Please start at the first line of the records beneath and quote each line exactly, ending with the line containing "Bear Crochet Hat".

** Input for this task follows **

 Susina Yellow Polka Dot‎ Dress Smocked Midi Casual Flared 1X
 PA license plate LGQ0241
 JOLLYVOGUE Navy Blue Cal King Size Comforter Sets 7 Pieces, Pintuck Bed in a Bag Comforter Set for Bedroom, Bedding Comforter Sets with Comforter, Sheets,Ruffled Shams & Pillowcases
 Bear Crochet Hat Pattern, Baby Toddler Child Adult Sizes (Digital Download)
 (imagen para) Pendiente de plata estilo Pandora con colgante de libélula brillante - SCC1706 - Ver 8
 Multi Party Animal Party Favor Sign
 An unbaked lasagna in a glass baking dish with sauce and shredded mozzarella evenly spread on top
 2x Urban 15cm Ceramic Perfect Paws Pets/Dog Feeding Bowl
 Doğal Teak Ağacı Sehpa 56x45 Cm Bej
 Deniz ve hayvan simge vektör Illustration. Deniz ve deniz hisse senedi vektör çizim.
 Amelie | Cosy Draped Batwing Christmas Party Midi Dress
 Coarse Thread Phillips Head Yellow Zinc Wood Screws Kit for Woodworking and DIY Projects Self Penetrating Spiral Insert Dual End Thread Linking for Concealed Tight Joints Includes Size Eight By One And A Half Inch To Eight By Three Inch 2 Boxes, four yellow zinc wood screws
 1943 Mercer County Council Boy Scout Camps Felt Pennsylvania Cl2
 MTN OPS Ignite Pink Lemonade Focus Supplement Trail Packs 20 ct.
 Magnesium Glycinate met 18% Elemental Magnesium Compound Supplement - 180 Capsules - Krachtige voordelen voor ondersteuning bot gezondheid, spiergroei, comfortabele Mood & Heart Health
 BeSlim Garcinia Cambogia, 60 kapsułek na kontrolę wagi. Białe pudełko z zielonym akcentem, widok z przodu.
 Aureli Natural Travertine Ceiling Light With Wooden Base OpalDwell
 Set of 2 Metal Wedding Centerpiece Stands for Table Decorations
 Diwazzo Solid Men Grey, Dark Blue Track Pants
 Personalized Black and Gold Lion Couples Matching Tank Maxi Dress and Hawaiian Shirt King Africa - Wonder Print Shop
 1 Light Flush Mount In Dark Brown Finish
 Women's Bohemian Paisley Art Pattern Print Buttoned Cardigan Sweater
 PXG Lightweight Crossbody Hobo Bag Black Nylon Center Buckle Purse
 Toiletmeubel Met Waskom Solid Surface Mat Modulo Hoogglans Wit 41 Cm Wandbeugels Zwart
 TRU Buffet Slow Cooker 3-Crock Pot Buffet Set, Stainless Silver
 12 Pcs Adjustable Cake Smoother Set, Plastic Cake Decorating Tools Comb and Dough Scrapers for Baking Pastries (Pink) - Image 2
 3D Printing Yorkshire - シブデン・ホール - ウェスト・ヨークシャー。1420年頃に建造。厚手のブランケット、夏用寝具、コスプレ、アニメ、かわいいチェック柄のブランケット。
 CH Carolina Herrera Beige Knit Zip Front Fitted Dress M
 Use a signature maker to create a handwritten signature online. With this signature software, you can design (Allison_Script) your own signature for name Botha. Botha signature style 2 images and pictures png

** End of Input for this task **

**Written answer:**
 Susina Yellow Polka Dot‎ Dress Smocked Midi Casual Flared 1X
 PA license plate LGQ0241
 JOLLYVOGUE Navy Blue Cal King Size Comforter Sets 7 Pieces, Pintuck Bed in a Bag Comforter Set for Bedroom, Bedding Comforter Sets with Comforter, Sheets,Ruffled Shams & Pillowcases
 Bear Crochet Hat Pattern, Baby Toddler Child Adult Sizes (Digital Download)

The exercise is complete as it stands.